Wednesday, February 15, 2012

A small Pole Lathe

Of all the machines known to man, a pole lathe has to be one of the oldest. Technically a pole lathe is a reciprocating lathe. It consists of a bed of some kind, two uprights called poppets, and a pair of (nowadays) steel centers. The workpiece is put between the poppets, on the centers. A cord is wound around the workpiece, attached, originally to a long springy pole. To the other end of the cord, we attach some kind of pedal or treadle. You push down on the treadle. The workpiece rotates. You relax foot pressure on treadle. The springpole (in my case, merely a bungee cord) makes the lathe rotate backwards. You do not cut while it does so. Here is a picture of my bigger pole lathe.
Some time ago, a year or so past. I attempted to make an indoor pole lathe. The idea was that it would clamp into a workmate. The workmate is the greatest British invention since the steam locomotive, and its inventor is deservedly very rich.
Alas, this did not work. The main reason for failure was that all the struts and assorted junk in the workmate interfered with the treadle.

Well, as readers of this blog know, I practically live over in Bodger's forum, a place devoted to greenwood woodworking. There was a recent post there on somebody who was interested in a small "pole" lathe that would go into the end vise of a carpenter's workbench. Inspired by this post, I decided to make a small bungee-lathe that would clamp in a vise. It would be long enough to do tool handles, no more, since that was the purpose of the post above. So I dug through my box of odds and ends and came up with a 2x4 offcut found somewhere, and a survey stake ditto, 2x2.

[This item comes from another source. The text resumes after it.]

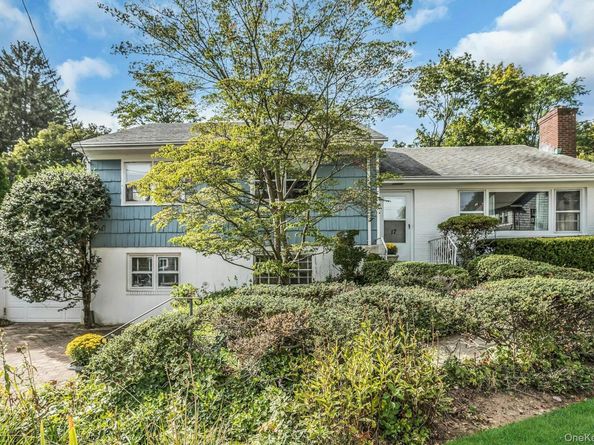 17 Church Street, Locust Valley NY 11560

Now a pole (or for that matter the most expensive CNC-capable lathe on the market) has two poppets. In modern parlance these are called stocks. The headstock, which sits to your left as you face the lathe, is fixed. The right-side poppet is the tailstock and it can move back and forth somehow, to accomodate variable-length workpieces. So out of the 2x4 I made the bed of the lathe. Out of a piece of 2x2 I made a tailstock. adstock. I cut a slot in the bed to accomodate the tailstock. Easy way to do this is to drill a hole and then rip down with my trusty ryoba saw. You need to be very, very, careful to rip in a straight line. Here are the first two pieces:
There's the bed and the tailstock. Notice that the tail on the tailstock is quite long. Why? Later. Then we make a headstock out of the 2x2.
Later we will dowel this thing in place. No glue for us bodgers. Next thing is to make up some sort of tool rest. A tool rest allows you to, er, rest your tools on it while you turn. I carefully cut some thin slots in the remaining 2x2 and screwed them into the lathe. For the actual tool rest I used a piece of hardware store steel, about 3mm x 30 cm, cut off with a hacksaw.

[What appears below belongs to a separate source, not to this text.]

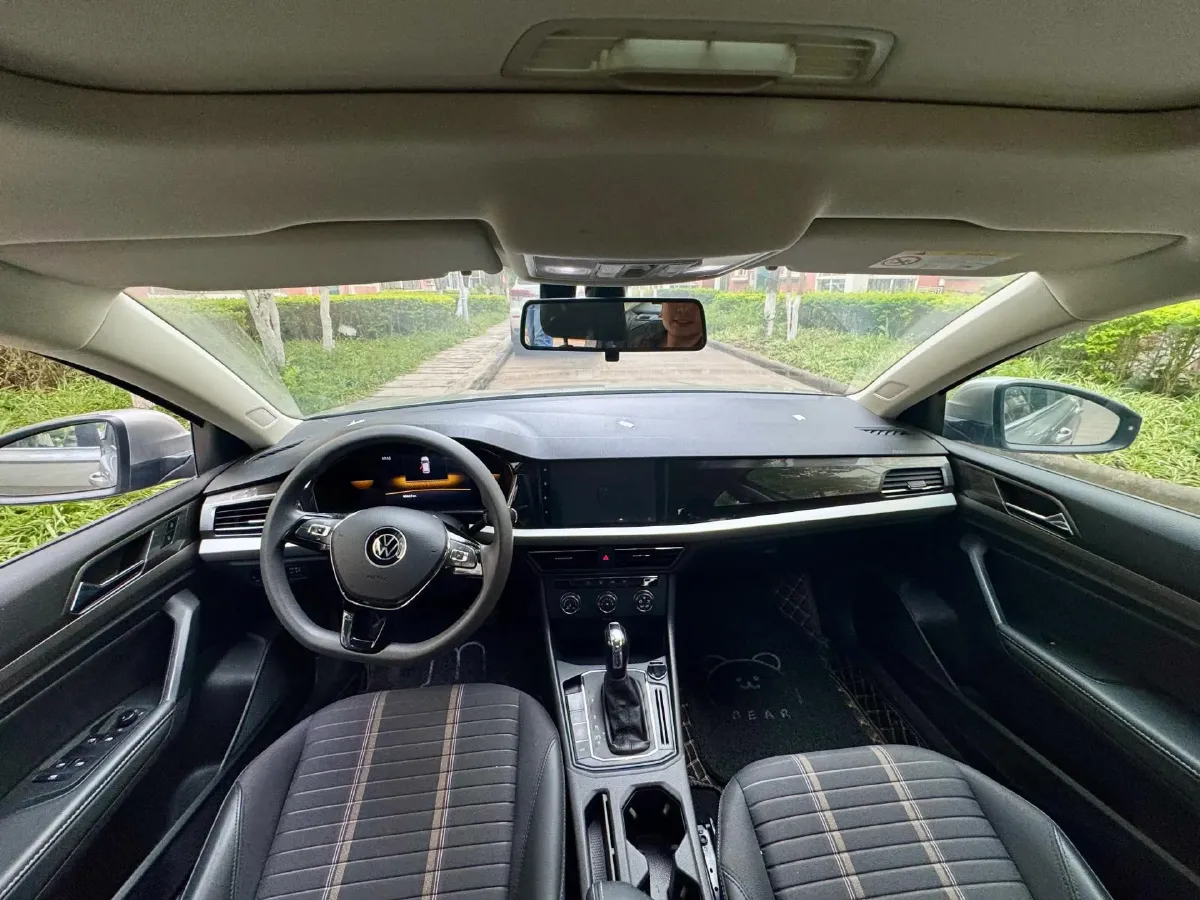 2021 Volkswagen Lavida 1.4T 150HP L4 7DCT,autocango,china used car exporter,china ev exporter,chinese used car exporter,chinese used ev exporter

Next order of affairs is to make the centers that support (indeed dig into) the workpiece as it is turned. So I had some steel rod. Classically, the points should have a 60 degree angle on them. So I made me a 60 deg template, put some 3/8 (about 3mm) rod in the Taig lathe and filed to shape. As the lathe turns -- there was a soap opera to this theme long ago. I don't own a compound slide for the Taig. The tailstock center came out of some ditto threaded rod I happened to have. The dimensions of these centers is totally non-critical. Anywhere from 4 to 8 mm. So now I had some kind of lathe. I clamped it in a vise, got out a gouge, spun the thing by hand, and let's see what happened.Very encouraging. The reason you want a screw on the tailstock, by the way, is that you have to adjust it as you turn. I wound up tapping the hole in the tailstock with a metal tap! Now we have to arrange the "pole" part of this thing, i.e. the return mechanism. I will leave this for episode II.
Now you see why the tailstock is so long. There is a hole drilled through it and a peg is jammed into it. This keeps the tailstock from going off down the slot.

Next episode, we actually turn something with thls contraption.